Né à Wil (SG) vers 1515 et mort à Wettingen (AG) le 17 juin 1563, enterré à Einsiedeln (SZ), chapelle des Grâces, Peter Eichhorn est le fils de Heinrich Eichhorn d'Amlikon (TG) et le frère de Joachim Eichhorn, prince-abbé d’Einsiedeln de 1544 à 1569. Profès à l'abbaye bénédictine de Saint-Gall (1533), prêtre (1536), économe (1542) puis doyen (1547), Peter Eichhorn fut placé à la tête de l'abbaye cistercienne de Wettingen (AG) en 1550 par les huit cantons catholiques, sur proposition du bailli Aegidius Tschudi (1505-1572) ; l'abbé général de l'ordre n'approuva cette élection qu'après intervention du roi de France Henri II. Peter Eichhorn réussit à réformer le couvent (auquel fut incorporé en 1557 celui de Sion près de Klingnau) (Wohler 2004, consulté le 16 février 2021). Cette identification est confortée par le cartouche et les armoiries.
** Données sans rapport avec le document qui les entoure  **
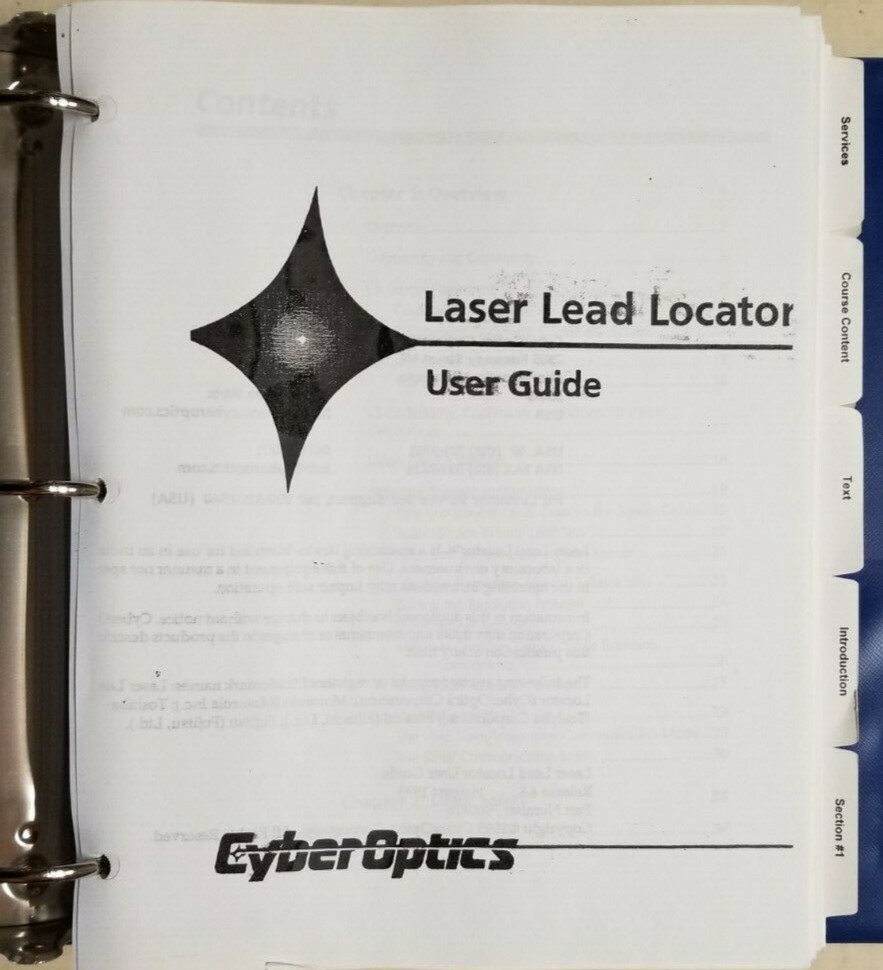 Panasonic Panasert Cyber Optics Laser Lead Locator Users Guide Binder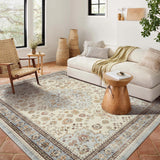 Garvee Area Rug Floral Washable Non-Slip Low-Pile Rugs for Living Room Kitchen, 0.3 Inch Thickness, Soft Paisley Design - Beige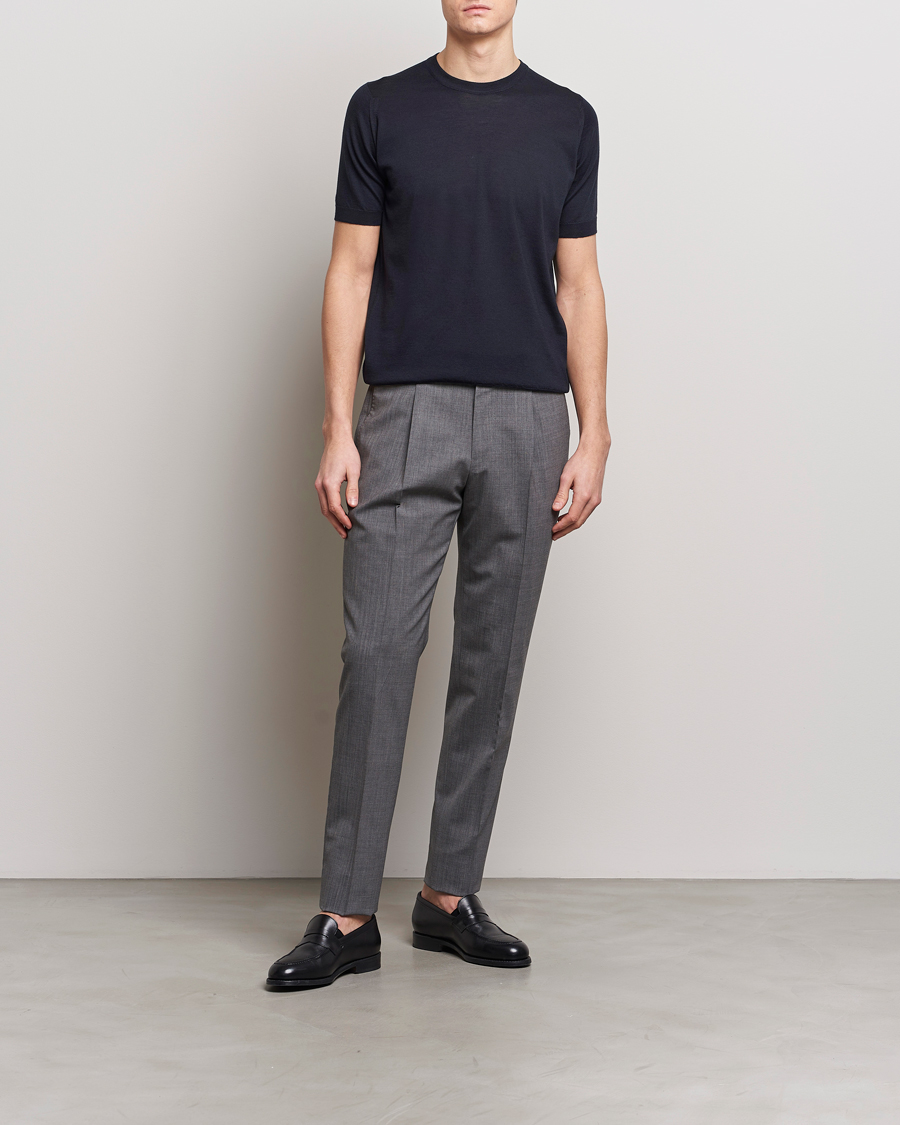 Herren | T-Shirts | John Smedley | Hilcote Wool/Sea Island Cotton T-Shirt Navy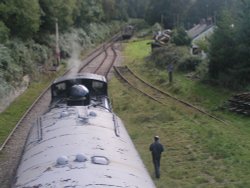 Driver ready to leave station at Parkend Station, Forest of Dean, Gloucestershire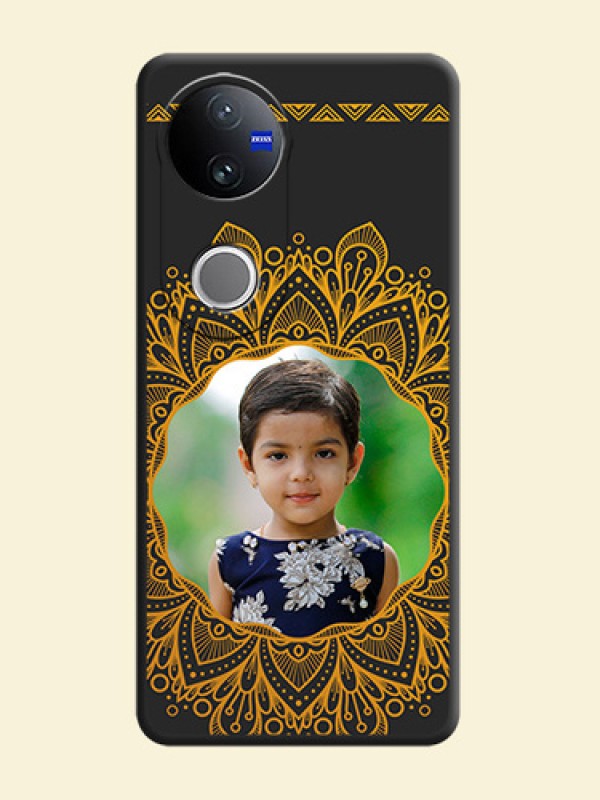 Round Image with Floral Design On Space Black Custom Soft Matte Mobile Back Cover - iQOO Z10R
L’emplacement d’origine de ce vitrail n’est pas établi, bien que l’une des institutions susmentionnées se présente comme autant de potentiels candidats.
Peter Eichhorn apparaît en qualité de donateur de nombreux vitraux de l’époque, commandés à des peintres-verriers tels que Carl von Egeri ou Niklaus Bluntschli. En 1952, Paul Boesch attribue cependant le panneau de Londres au peintre-verrier Caspar Stilhart de Constance, mort en 1548 (V&A, documentation, état du 20 décembre 2013).
On retrouve une palette proche, des puttis semblables ou encore certains motifs décoratifs dans certains vitraux attribués à ce dernier, comme dans le vitrail héraldique aux armes de Ludwig von Ulm et Margaretha Muntprat, daté de 1542 et aujourd’hui conservé au Historisches Museum Thurgau, ou encore celui aux armes de Thomas et Christoph Zollikofer, daté de 1543 et conservé au château de Altenklingen (cf. Hasler et Keller 2020, TG_172 et TG_287, consulté le 16 février 2021), tandis que le motif des colonnes carrées pourvues de niches occupées par des saints semble caractéristique de cet artiste, comme le rappelle le vitrail figuratif aux armes de même Peter Eichhorn réalisé peu après pour l’abbaye cistercienne de Wettingen (AG, Nord Va – cf. Hoegger 2002, p. 259-260).